**Work required**: If a line of the material holds the string "they", please copy it.

**Excerpted records**:
▬▬▬▬▬▬▬▬▬▬
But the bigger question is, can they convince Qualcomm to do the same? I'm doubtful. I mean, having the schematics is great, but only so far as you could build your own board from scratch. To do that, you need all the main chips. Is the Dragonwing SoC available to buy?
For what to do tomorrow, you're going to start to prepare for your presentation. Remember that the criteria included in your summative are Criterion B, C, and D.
▬▬▬▬▬▬▬▬▬▬
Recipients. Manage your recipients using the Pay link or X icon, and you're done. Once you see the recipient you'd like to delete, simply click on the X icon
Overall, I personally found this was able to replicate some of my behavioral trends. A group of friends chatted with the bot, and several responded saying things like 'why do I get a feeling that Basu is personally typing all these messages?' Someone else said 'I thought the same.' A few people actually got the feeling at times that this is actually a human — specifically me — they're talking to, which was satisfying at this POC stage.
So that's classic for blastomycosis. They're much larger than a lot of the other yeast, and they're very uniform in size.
▬▬▬▬▬▬▬▬▬▬
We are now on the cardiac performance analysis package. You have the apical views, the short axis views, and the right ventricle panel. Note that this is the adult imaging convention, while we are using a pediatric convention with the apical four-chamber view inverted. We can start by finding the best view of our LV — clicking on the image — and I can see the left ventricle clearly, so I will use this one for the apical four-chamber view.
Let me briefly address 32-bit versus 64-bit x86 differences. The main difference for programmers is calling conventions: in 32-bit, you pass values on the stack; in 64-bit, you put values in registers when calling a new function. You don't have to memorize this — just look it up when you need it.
▬▬▬▬▬▬▬▬▬▬
**Solution to this problem**:
But the bigger question is, can they convince Qualcomm to do the same? I'm doubtful. I mean, having the schematics is great, but only so far as you could build your own board from scratch. To do that, you need all the main chips. Is the Dragonwing SoC available to buy?
Overall, I personally found this was able to replicate some of my behavioral trends. A group of friends chatted with the bot, and several responded saying things like 'why do I get a feeling that Basu is personally typing all these messages?' Someone else said 'I thought the same.' A few people actually got the feeling at times that this is actually a human — specifically me — they're talking to, which was satisfying at this POC stage.
So that's classic for blastomycosis. They're much larger than a lot of the other yeast, and they're very uniform in size.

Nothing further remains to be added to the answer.